Da tempo sappiamo che esistono attività di relazione tra viventi che non rispondono né all’appropriazione né alla produzione. E’ questo un punto di contatto che va ancora lavorato con le parole del movimento. Siamo in una posizione conflittuale comune contro l’idea che una risorsa naturale viene trasformata dal lavoro e che questa trasformazione è l’inizio di un diritto di proprietà – è questa la narrazione del padre dell’individualismo proprietario, John Locke. Tuttavia più che il lavoro e la produzione, e il senso che prendono e su cui confliggere, è più fecondo spostarsi su quelle attività, di tradizione femminile, che oggi sono messe sotto il titolo di cura.
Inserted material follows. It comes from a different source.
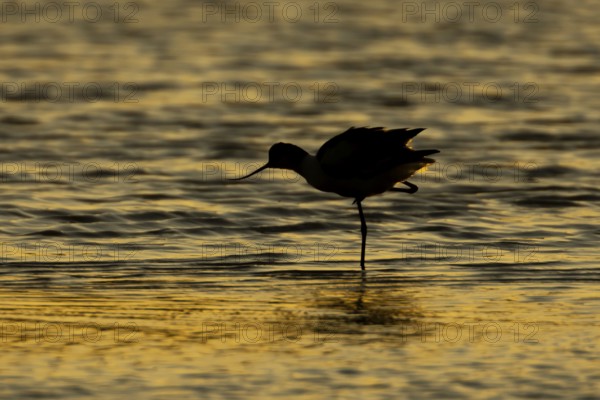 Pied avocet (Recurvirostra avosetta) silhouette of an adult wader bird in a shallow lagoon at sunset, England, United Kingdom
Possiamo così portare il conflitto anche sulle cosiddette risorse naturali, e in particolare sull’idea dominante che non sono loro a dover essere privatizzate, bensì la loro gestione (l’acqua rimane bene pubblico, privatizzata sarà la sua gestione, come antidoto agli sprechi della gestione pubblica). Come sappiamo che un corpo non è materia disponibile, così sappiamo che non esistono beni che ci appartengono e ci competono perché li produciamo e beni invece disponibili di per sé e le cui forme d’uso sarebbero secondarie. Non esiste una partizione netta tra natura e tecnica. Le lotte e i libri di Vandana Shiva[5] aggiungono altri elementi, dispongono secondo altre genealogie questa partizione impossibile e mi permettono di fare un’ultima considerazione. Il conflitto sui beni comuni è posta in gioco condivisa tra donne e uomini, sì, e di questi tempi è posta in gioco al di là dei confini di culture e di provenienze. Abbiamo a disposizione altre parole e pratiche, dalle quali farci interpellare, con le quali entrare in risonanza.
[1] Sono alcuni dei testi prodotti dal Movimento per l’Autoriforma Gentile: Vita Cosentino, Guido Armellini et al. (cura), Lingua bene comune, Città aperta, Troina 2006; Vita Cosentino, Giannina Longobardi (cura), Pubblica, libera, leggera: il Movimento per l’autoriforma della scuola, Vincenzo Ursini, Catanzaro 1999.
[2] Elinor Ostrom, Charlotte Hess (cura), La conoscenza come bene comune, Bruno Mondadori, Milano 2010; Elinor Ostrom, Governare i beni collettivi, Marsilio, Venezia 2006.
[3] Luisa Muraro, La nostra comune capacità d’ infinito, in Diotima, Mettere il mondo al mondo, La Tartaruga, Milano1990, pp. 61-76.
[4] Chiara Zamboni, L’azione perfetta, Centro Virginia Woolf, Roma 1994; Annarosa Buttarelli (cura), La passività, Bruno Mondadori, Milano 2006.
[5] V., tra gli altri, Vandana Shiva, Le guerre dell’acqua, Feltrinelli, Milano 2004.